● Exercise inputs:
___

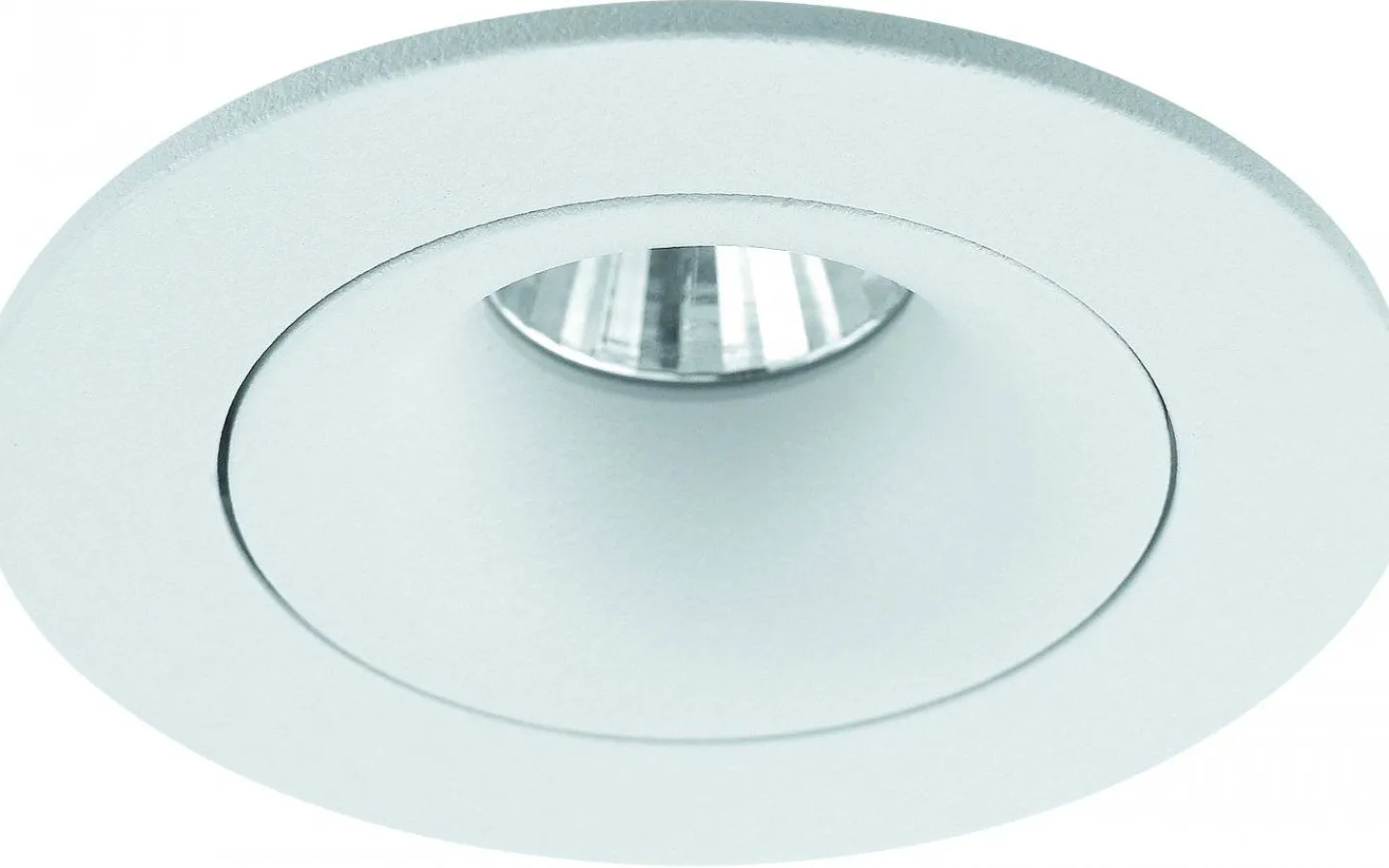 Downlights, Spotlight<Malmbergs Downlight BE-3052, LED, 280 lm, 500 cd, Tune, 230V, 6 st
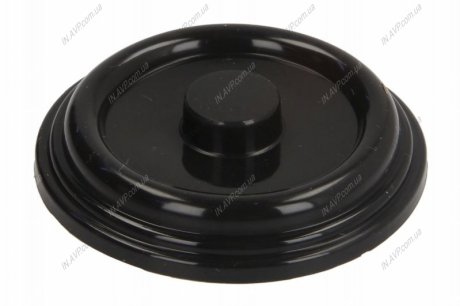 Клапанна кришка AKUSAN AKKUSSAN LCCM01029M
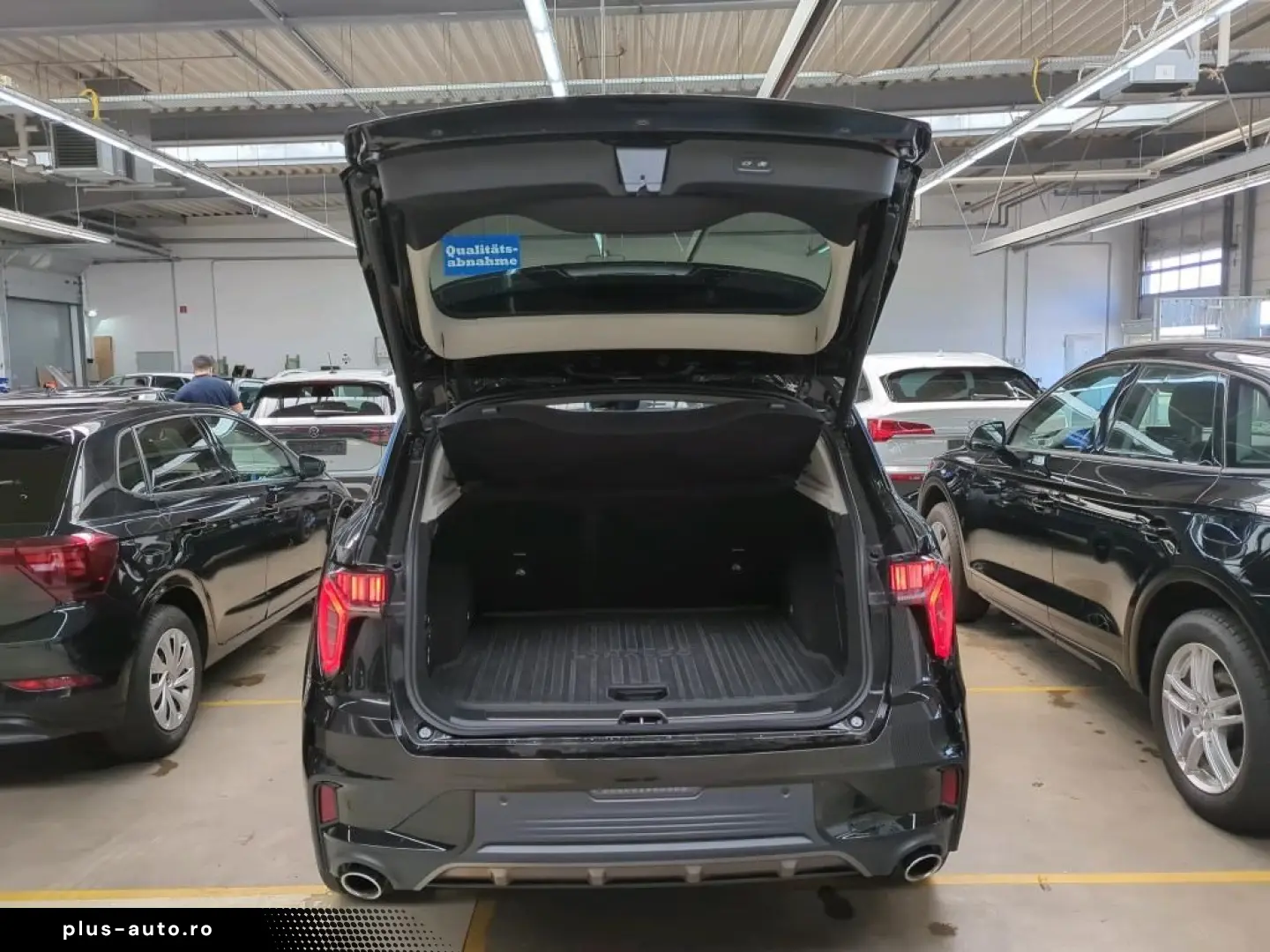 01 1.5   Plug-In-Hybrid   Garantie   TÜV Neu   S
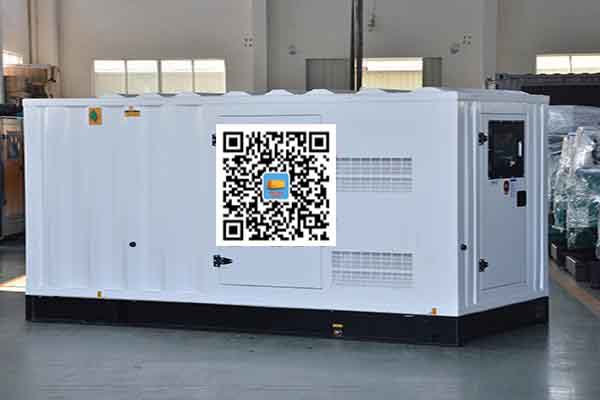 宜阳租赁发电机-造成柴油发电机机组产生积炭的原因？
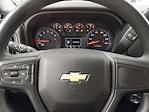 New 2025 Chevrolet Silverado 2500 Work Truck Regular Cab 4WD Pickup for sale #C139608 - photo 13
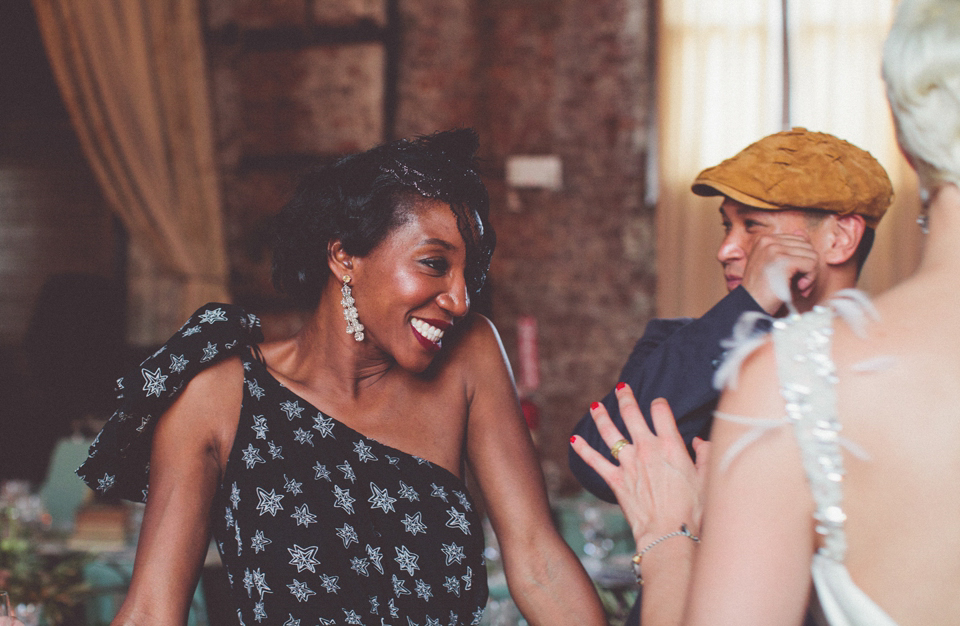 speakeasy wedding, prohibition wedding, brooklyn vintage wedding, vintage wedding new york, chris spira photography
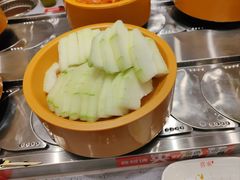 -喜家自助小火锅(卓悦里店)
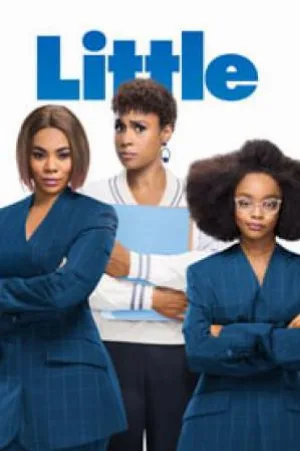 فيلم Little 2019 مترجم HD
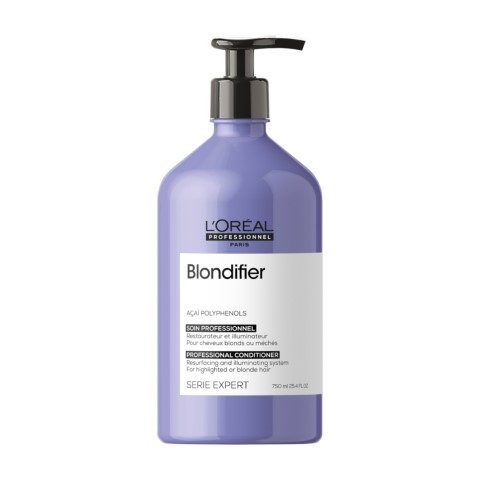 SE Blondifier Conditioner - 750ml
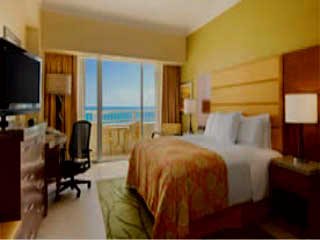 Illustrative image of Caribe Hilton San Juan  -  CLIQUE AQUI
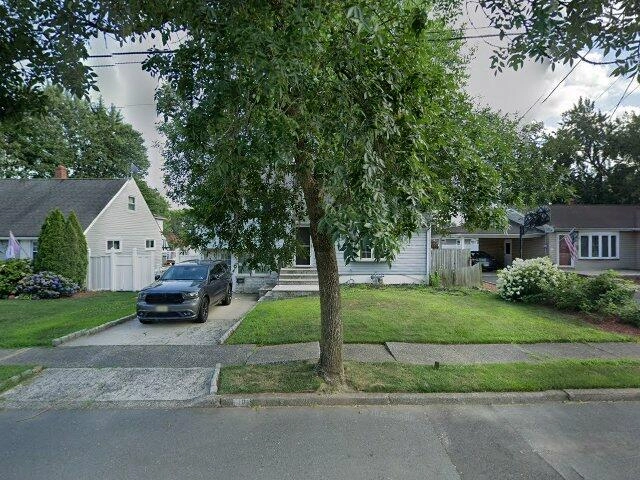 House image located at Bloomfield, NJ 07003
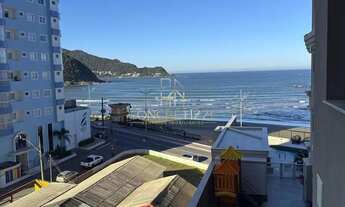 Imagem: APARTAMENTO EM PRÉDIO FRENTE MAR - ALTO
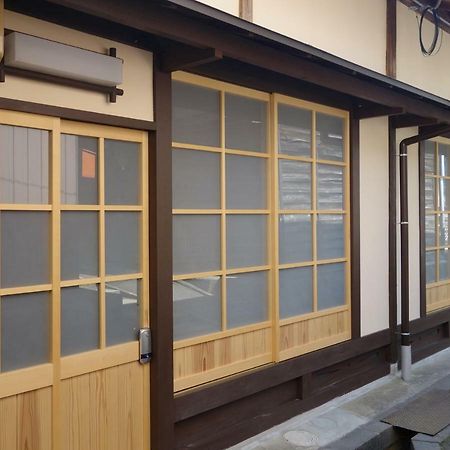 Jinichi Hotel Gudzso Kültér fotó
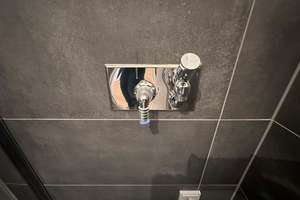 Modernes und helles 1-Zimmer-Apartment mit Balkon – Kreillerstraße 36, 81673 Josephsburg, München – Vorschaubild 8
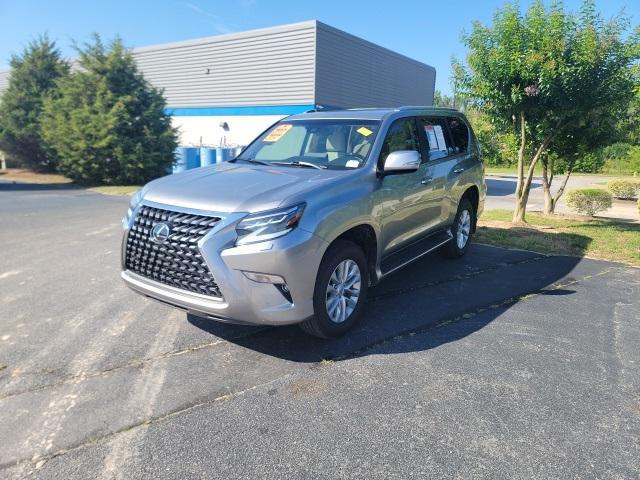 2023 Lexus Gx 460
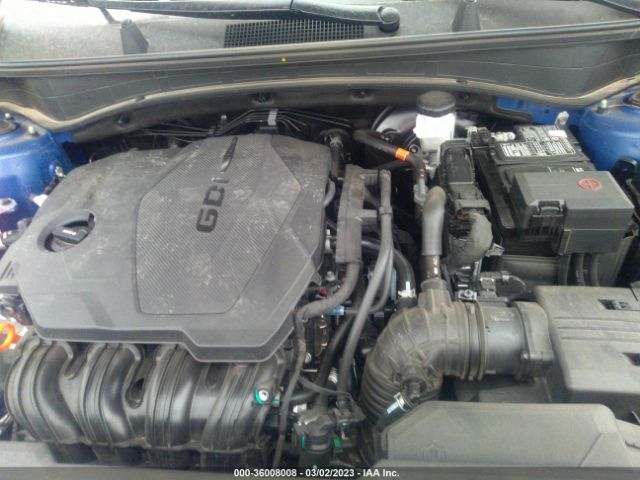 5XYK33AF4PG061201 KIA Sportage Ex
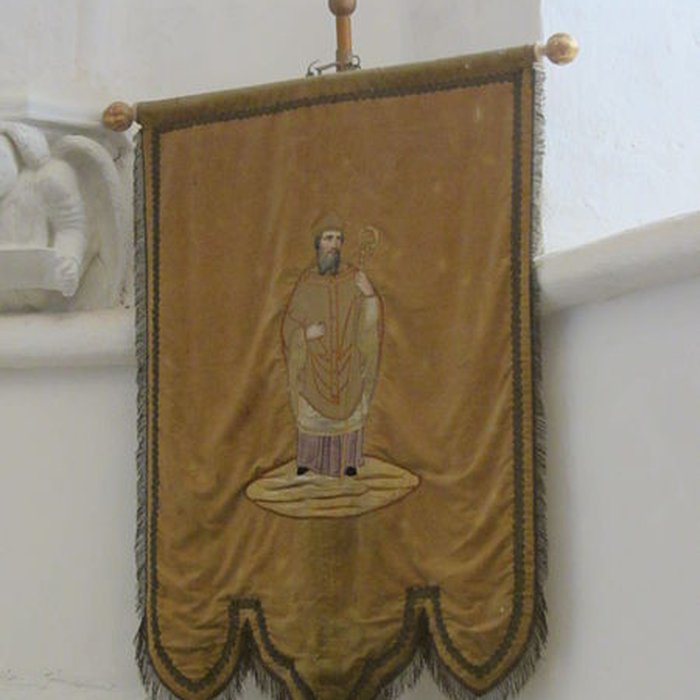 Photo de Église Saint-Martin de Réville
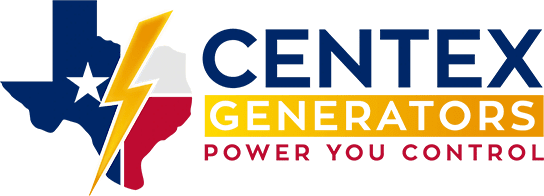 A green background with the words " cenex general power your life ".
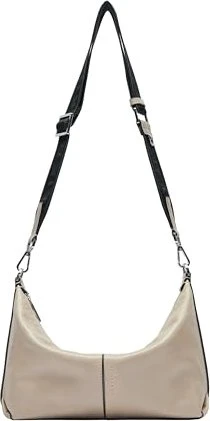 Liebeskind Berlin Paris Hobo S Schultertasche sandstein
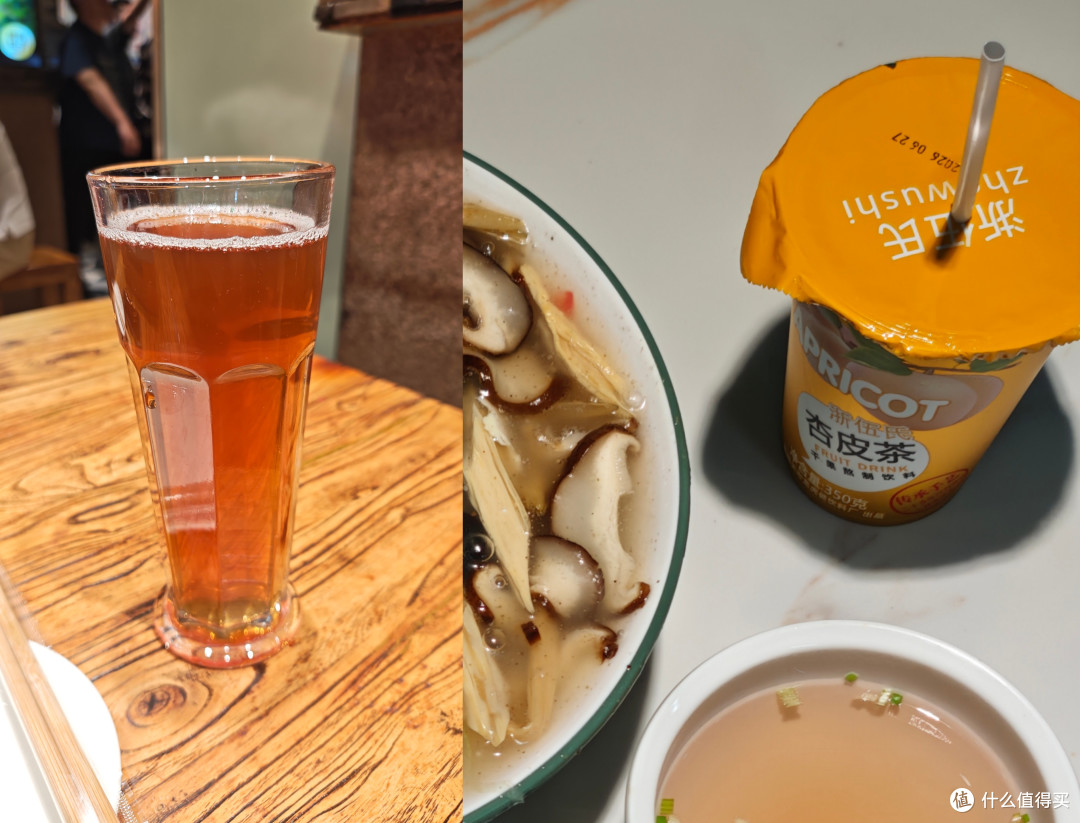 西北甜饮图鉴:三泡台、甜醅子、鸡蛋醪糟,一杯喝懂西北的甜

___

● Required action: Each entry above should be printed exactly, and any picture in it left out.

● Written response:
 Downlights, Spotlight<Malmbergs Downlight BE-3052, LED, 280 lm, 500 cd, Tune, 230V, 6 st
 Клапанна кришка AKUSAN AKKUSSAN LCCM01029M
 01 1.5   Plug-In-Hybrid   Garantie   TÜV Neu   S
 宜阳租赁发电机-造成柴油发电机机组产生积炭的原因？
 New 2025 Chevrolet Silverado 2500 Work Truck Regular Cab 4WD Pickup for sale #C139608 - photo 13
 speakeasy wedding, prohibition wedding, brooklyn vintage wedding, vintage wedding new york, chris spira photography
 -喜家自助小火锅(卓悦里店)
 فيلم Little 2019 مترجم HD
 SE Blondifier Conditioner - 750ml
 Illustrative image of Caribe Hilton San Juan  -  CLIQUE AQUI
 House image located at Bloomfield, NJ 07003
 Imagem: APARTAMENTO EM PRÉDIO FRENTE MAR - ALTO
 Jinichi Hotel Gudzso Kültér fotó
 Modernes und helles 1-Zimmer-Apartment mit Balkon – Kreillerstraße 36, 81673 Josephsburg, München – Vorschaubild 8
 2023 Lexus Gx 460
 5XYK33AF4PG061201 KIA Sportage Ex
 Photo de Église Saint-Martin de Réville
 A green background with the words " cenex general power your life ".
 Liebeskind Berlin Paris Hobo S Schultertasche sandstein
 西北甜饮图鉴:三泡台、甜醅子、鸡蛋醪糟,一杯喝懂西北的甜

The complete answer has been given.